The copy has to match the data exactly and leave out every picture.

Material provided:
* * *

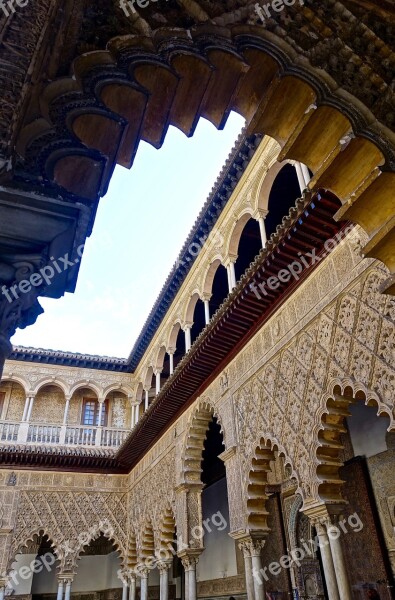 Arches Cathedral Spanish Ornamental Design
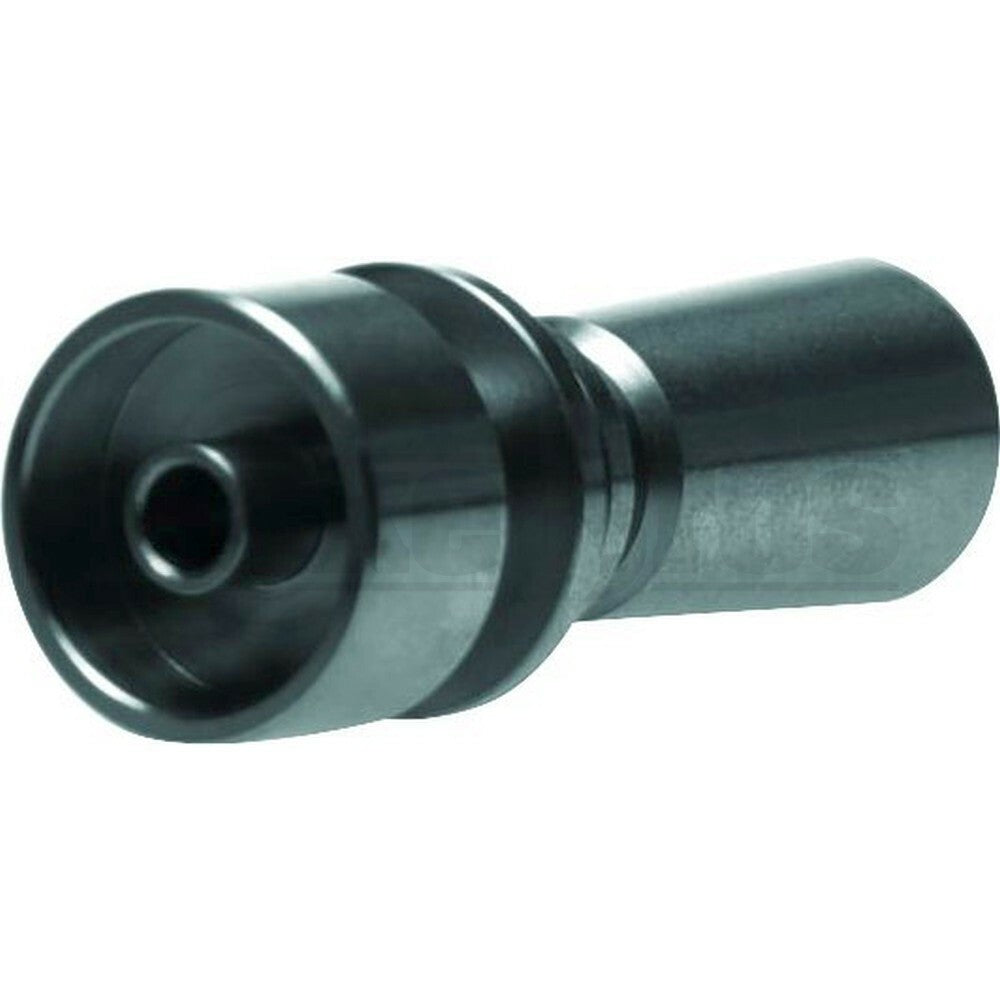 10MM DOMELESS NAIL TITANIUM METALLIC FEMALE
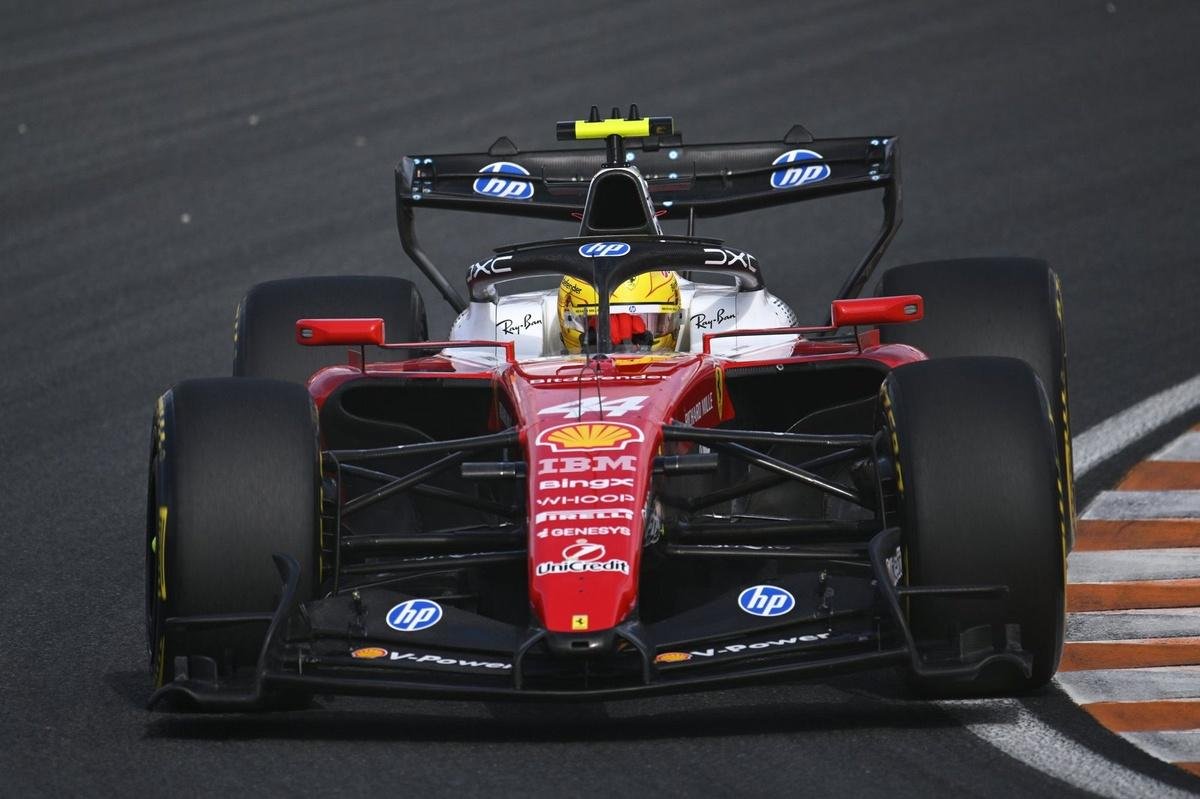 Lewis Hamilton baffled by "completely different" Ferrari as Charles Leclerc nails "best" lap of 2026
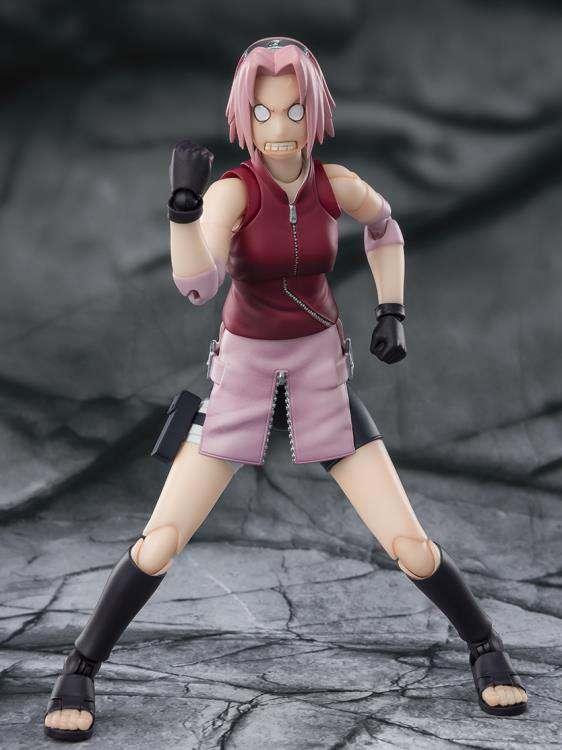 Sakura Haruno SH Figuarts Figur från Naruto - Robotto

* * *

Response for this exercise:
 Arches Cathedral Spanish Ornamental Design
 10MM DOMELESS NAIL TITANIUM METALLIC FEMALE
 Lewis Hamilton baffled by "completely different" Ferrari as Charles Leclerc nails "best" lap of 2026
 Sakura Haruno SH Figuarts Figur från Naruto - Robotto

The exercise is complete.